Opinion: Blackouts will be the new norm in UK without investment in energy storage

A major power outage across the UK last week that left nearly a million homes without electricity and disrupted travel across the rail network was triggered by failures at two large generating facilities operated by RWE, according to a press release from ILI Group.

Specifically, failures of Orsted’s 1.2-GW Hornsea offshore wind farm and the 727-MW Little Barford gas-fired power station in Bedfordshire caused the frequency of Great Britain’s power grid to drop to 48.9 Hz, far below the 49.5 Hz threshold. This caused the power cuts experienced by consumers.

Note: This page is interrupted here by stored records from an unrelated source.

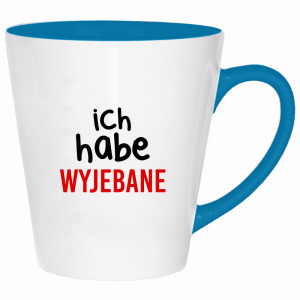 Ich habe wyjebane 2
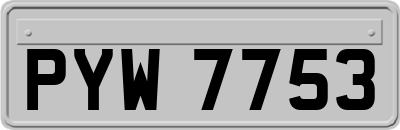 PYW7753
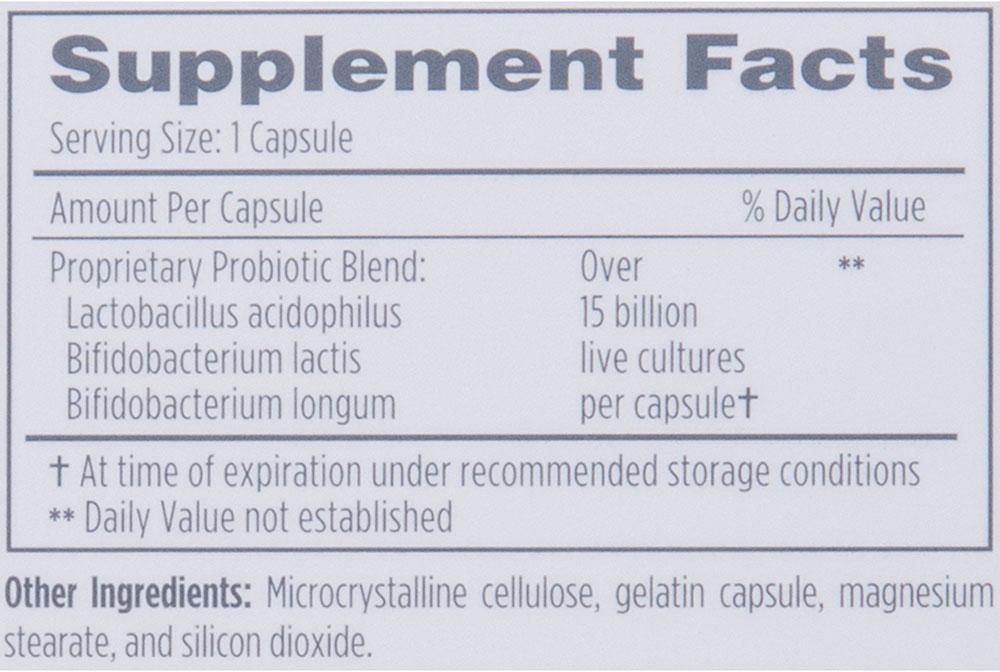 FLORAJEN DIGESTION CAPSULE 30CT
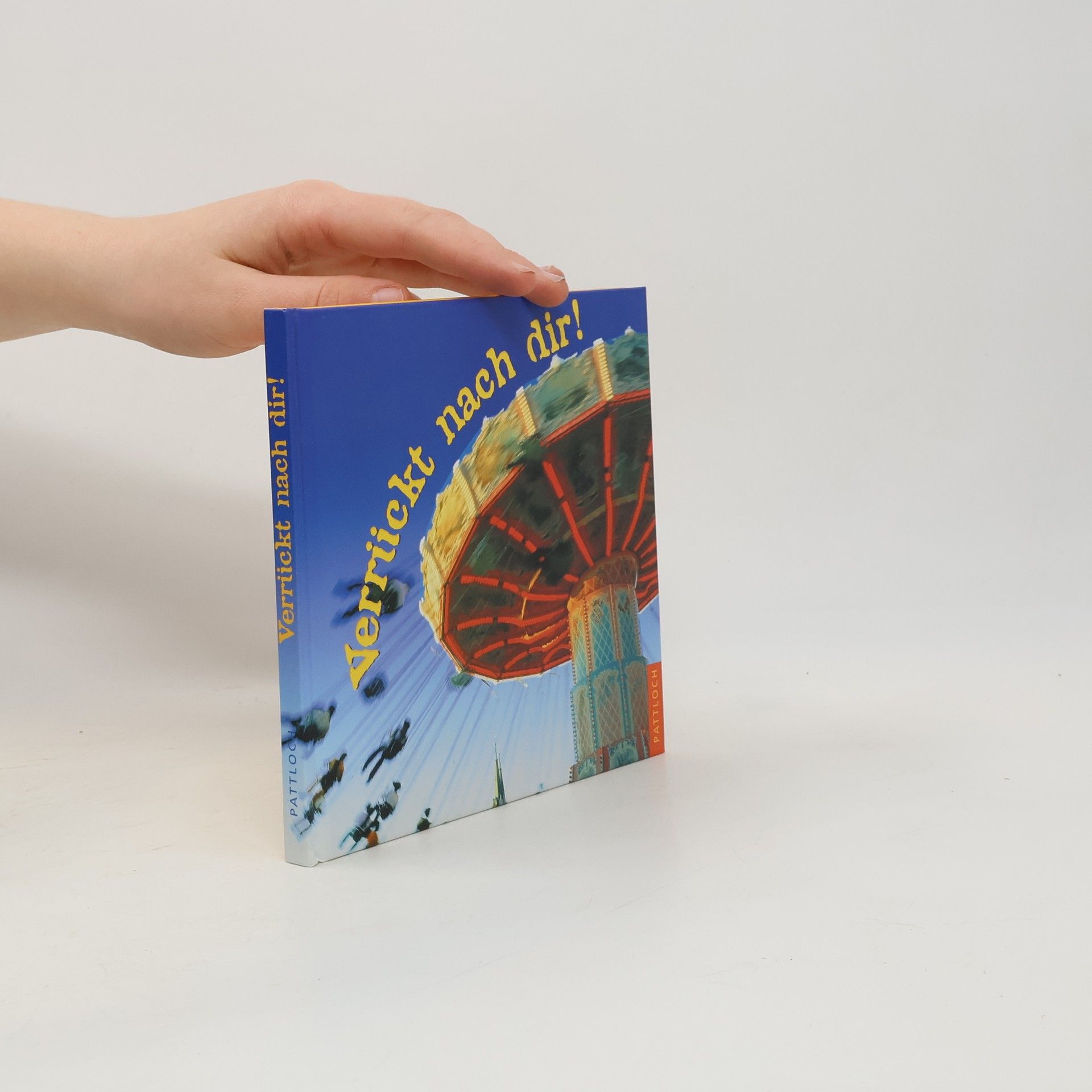 Markus Vetter Verrückt nach dir!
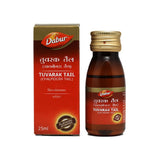 Dabur Tuvrak (Chaulmogra) Tail (50ml)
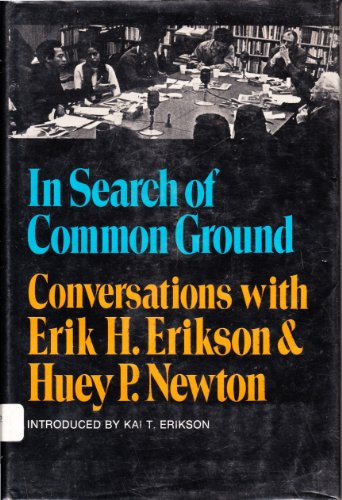 9780393054835: In Search of Common Ground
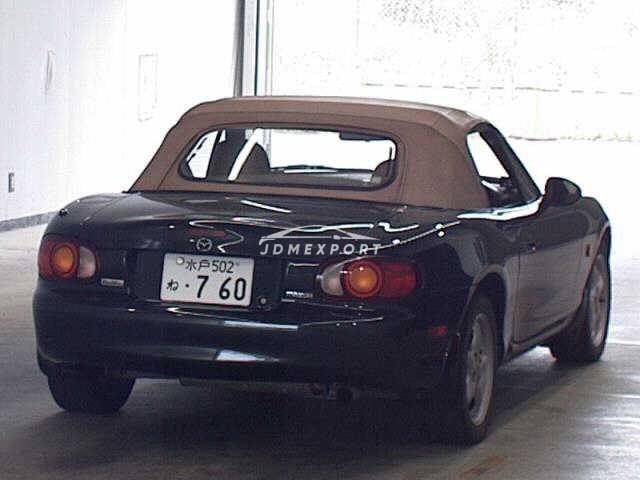 Mazda Roadster 2000 thumbnail 6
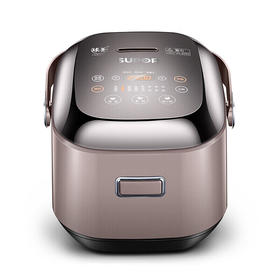 苏泊尔（SUPOR）电饭煲 2人-3人家用 迷你2L球釜IH电磁加热 智能电饭锅小型米饭锅煮饭锅CFXB20HC22-80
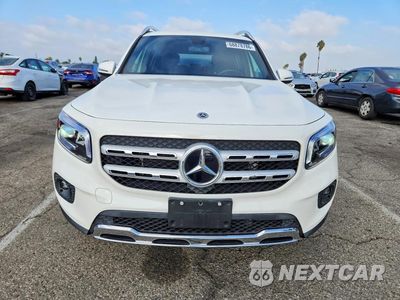 Piąte zdjęcie samochodu w środku: 2022 MERCEDES-BENZ GLB 250 VIN:W1N4M4GB6NW195507 - miniatura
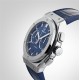 Hublot Classic Fusion Blue Chronograph Titanium 45mm 521.NX.7170.LR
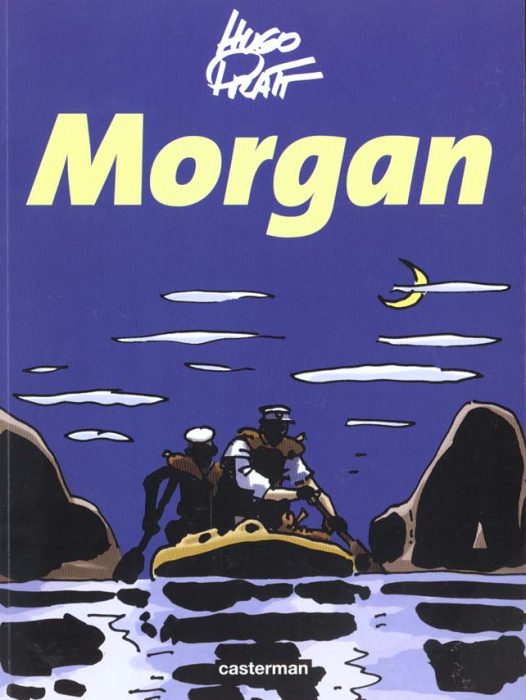 Emprunter Morgan livre
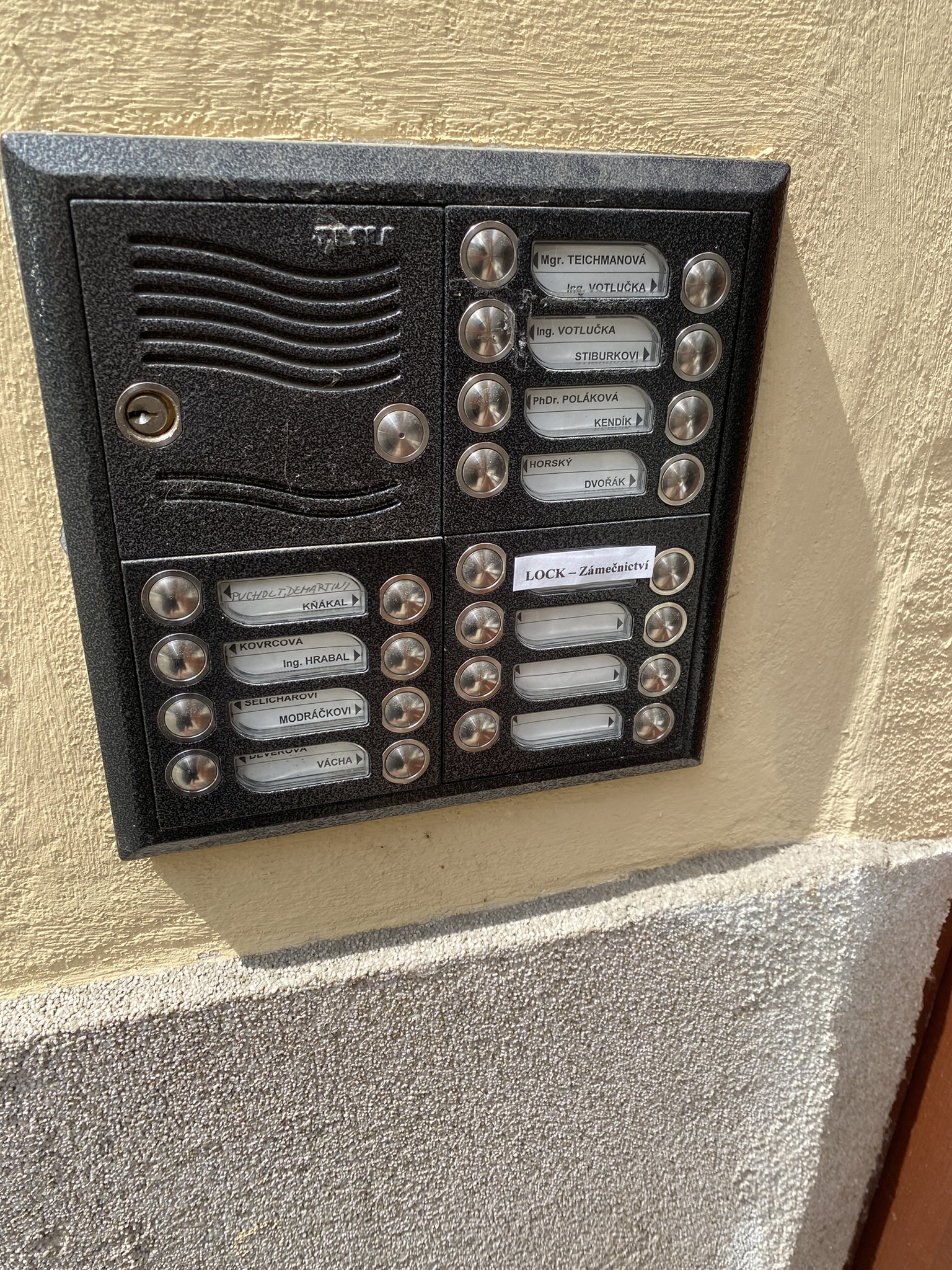 LOCK zámečnictví Jan Šťovíček foto 4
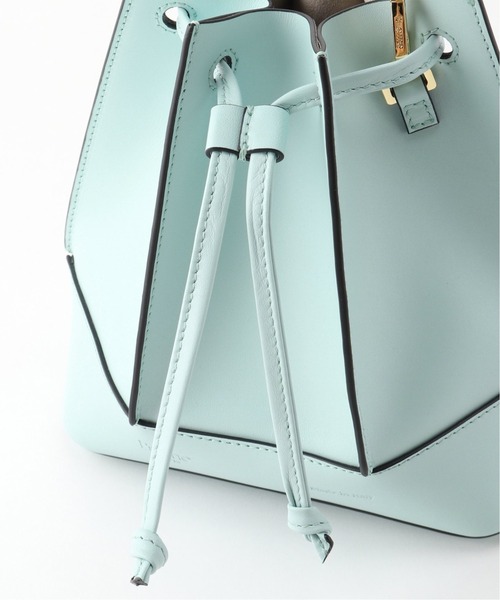 Elleme（エレメ）の「【Elleme】CANELE◆（ショルダーバッグ・レディース・ベージュ/サックスブルー・FREE）」の9枚目の写真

“National Grid have described this as an ‘incredibly rare’ event, however blackouts have been predicted for years,” said Mark Wilson, chief executive officer of ILI Group. “Last year the Institute of Engineers in Scotland (IESIS) predicted just such events would happen. As we increase reliance on intermittent renewable power sources, such events could become the new norm. National Grid are supposed to have enough backup generators they can call on quickly for these frequency events, whether its battery generators, pumped storage hydro, or more conventional thermal generators.

“It’s clear going forward a greater capacity of these fast frequency response services will need to be available. Pumped storage hydro (PSH) is ideally suited to provide the fast, large scale, response to mitigate such events, and more PSH capacity will mean the risk of power cuts and disruption will be reduced.”

Former UK Energy Minister, Brian Wilson, said, “One way or another, there has to be back-up to the intermittency of renewable generation, and this creates a huge opportunity for UK industry. In Scotland, Pumped Storage Hydro — which provides 95% of storage around the world — is the obvious answer instead of relying on imports via interconnectors. Hydro power has served Scotland exceptionally well in the past and can do so for many years to come. This is an opportunity to give an established technology a new lease of life with huge potential benefits for the Scottish economy while at the same time helping to solve the inescapable challenges posed by reliance on renewable generation.”

ILI Group has over 2 GW of PSH in the pipeline, with their first 450-MW development, Red John at Loch Ness, currently in planning.